Work to complete -
The pictures stay out; everything else in the entries below must be returned exactly.

Segment Open

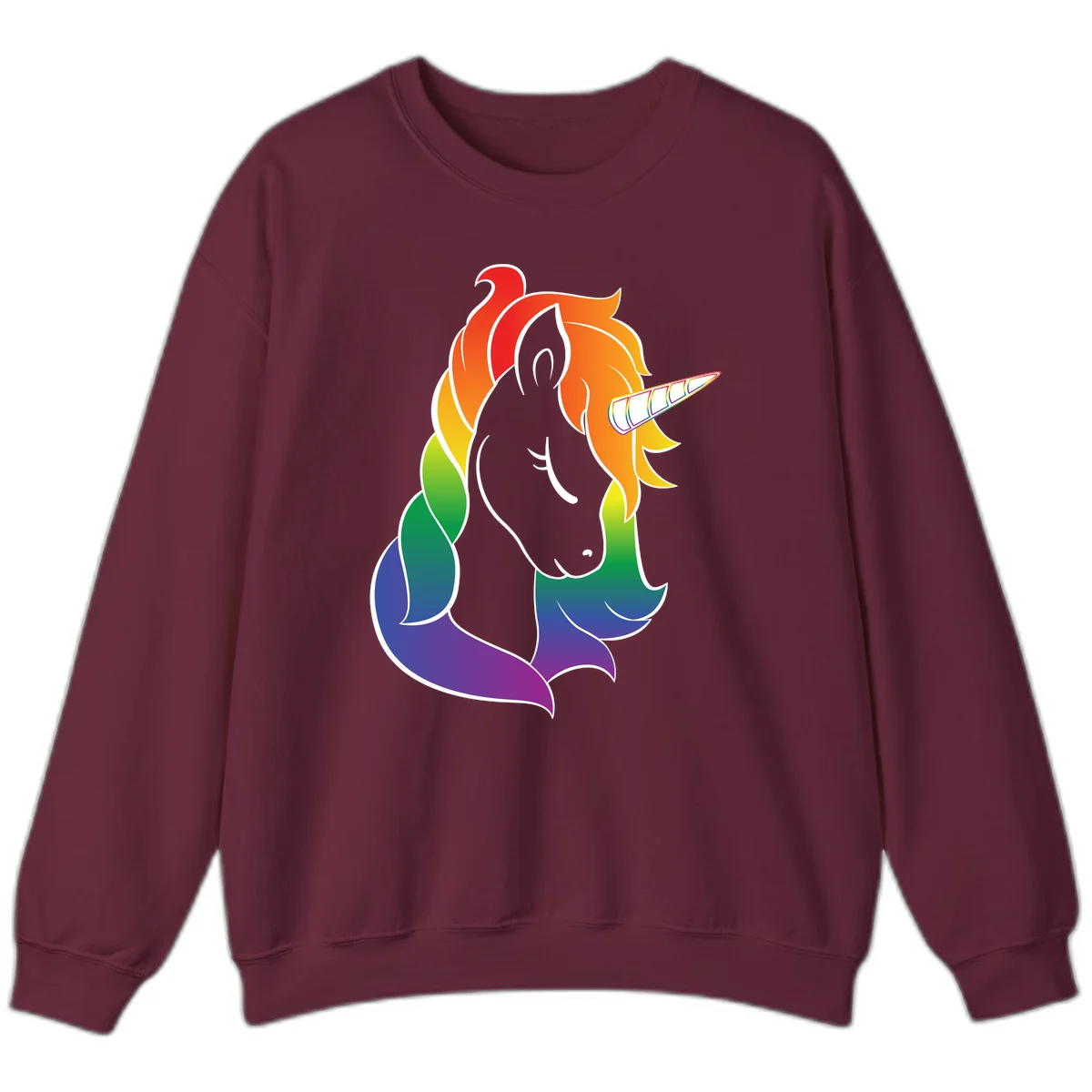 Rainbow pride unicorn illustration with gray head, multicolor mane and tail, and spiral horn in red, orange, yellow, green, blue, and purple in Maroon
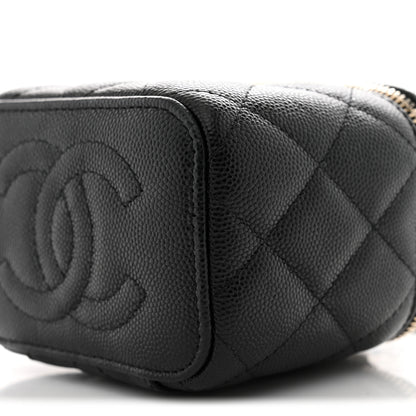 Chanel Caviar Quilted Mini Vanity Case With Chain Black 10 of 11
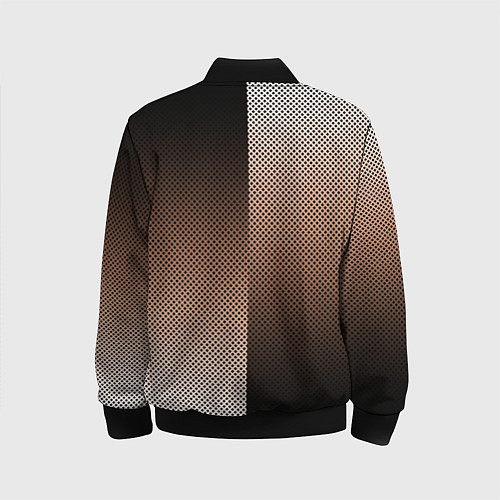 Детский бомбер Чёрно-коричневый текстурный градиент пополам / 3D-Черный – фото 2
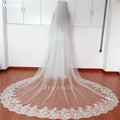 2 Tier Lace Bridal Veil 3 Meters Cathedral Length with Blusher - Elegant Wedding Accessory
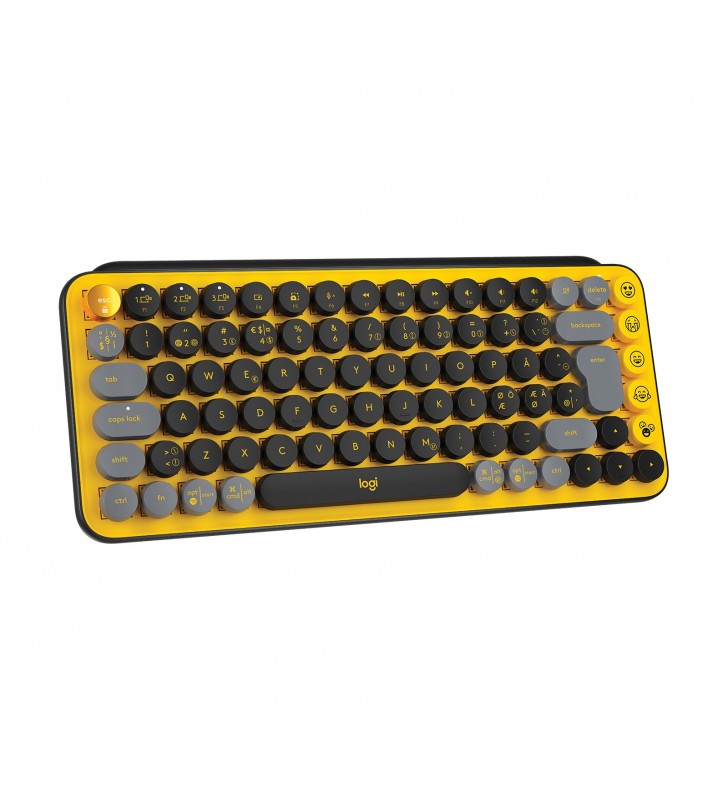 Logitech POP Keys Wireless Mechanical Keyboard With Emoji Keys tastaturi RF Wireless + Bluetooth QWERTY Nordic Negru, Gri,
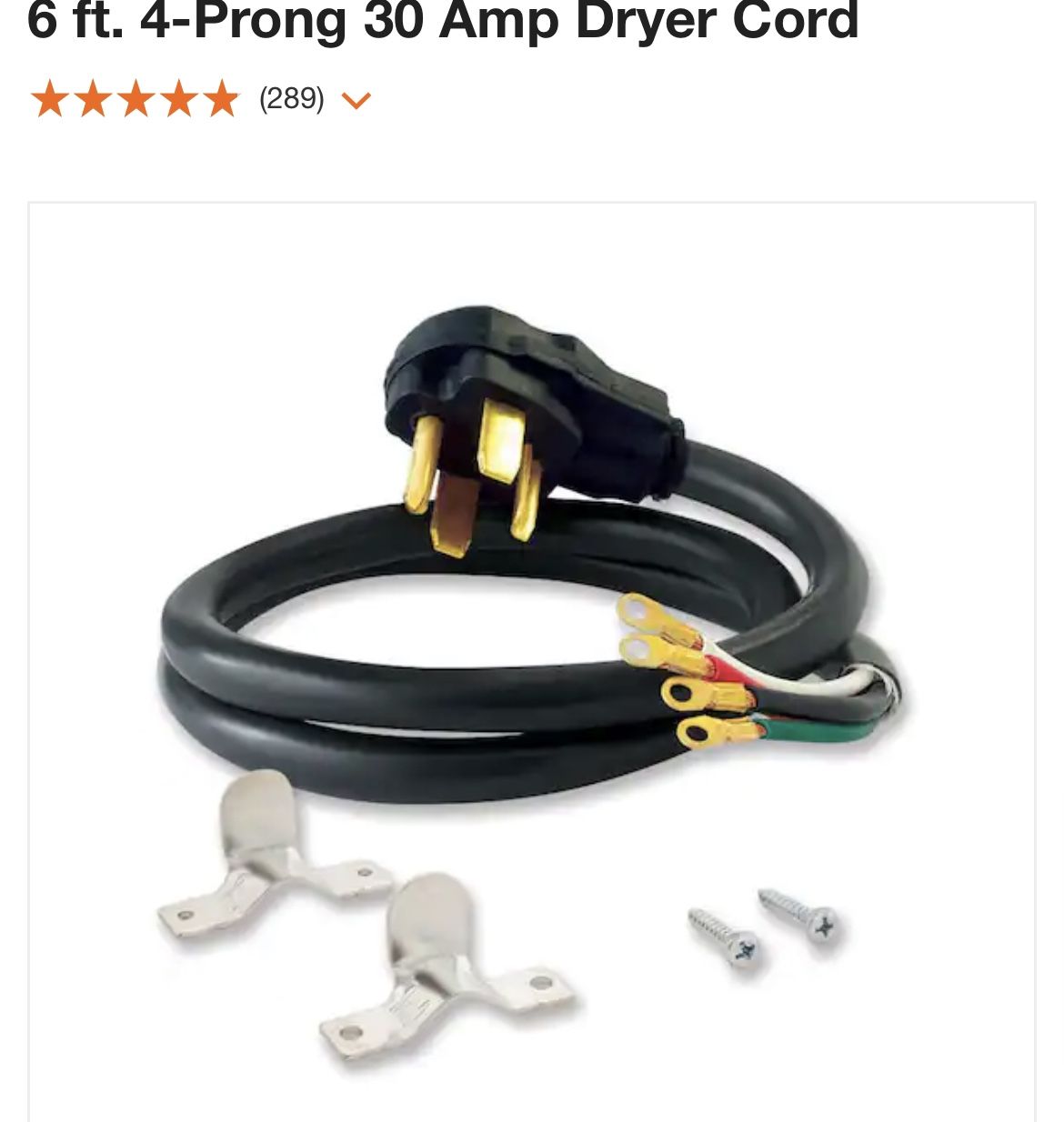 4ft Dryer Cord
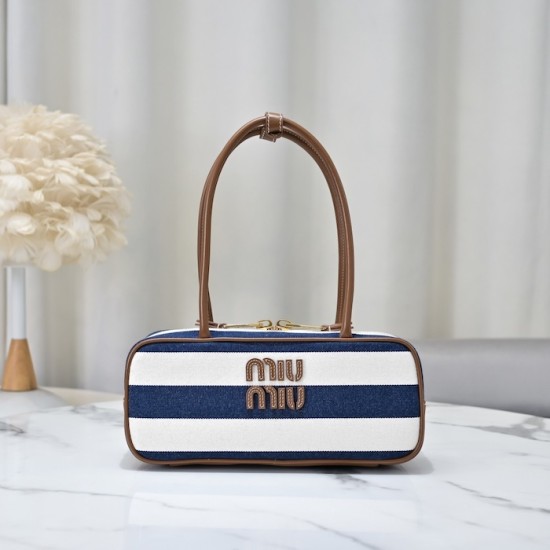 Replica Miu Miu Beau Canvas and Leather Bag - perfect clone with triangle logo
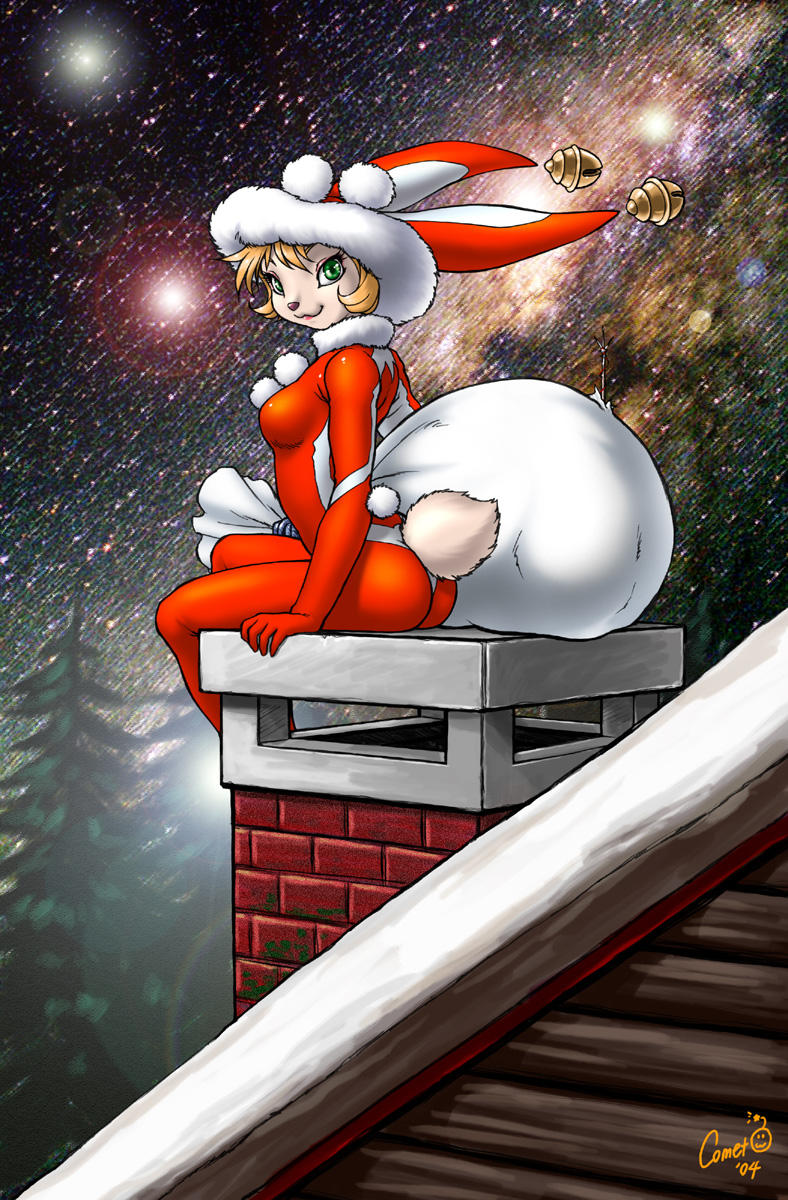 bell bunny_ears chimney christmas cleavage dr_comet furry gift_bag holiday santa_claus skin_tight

Segment Closed

Output -
 Rainbow pride unicorn illustration with gray head, multicolor mane and tail, and spiral horn in red, orange, yellow, green, blue, and purple in Maroon
 Chanel Caviar Quilted Mini Vanity Case With Chain Black 10 of 11
 Детский бомбер Чёрно-коричневый текстурный градиент пополам / 3D-Черный – фото 2
 2 Tier Lace Bridal Veil 3 Meters Cathedral Length with Blusher - Elegant Wedding Accessory
 Logitech POP Keys Wireless Mechanical Keyboard With Emoji Keys tastaturi RF Wireless + Bluetooth QWERTY Nordic Negru, Gri,
 4ft Dryer Cord
 Replica Miu Miu Beau Canvas and Leather Bag - perfect clone with triangle logo
 bell bunny_ears chimney christmas cleavage dr_comet furry gift_bag holiday santa_claus skin_tight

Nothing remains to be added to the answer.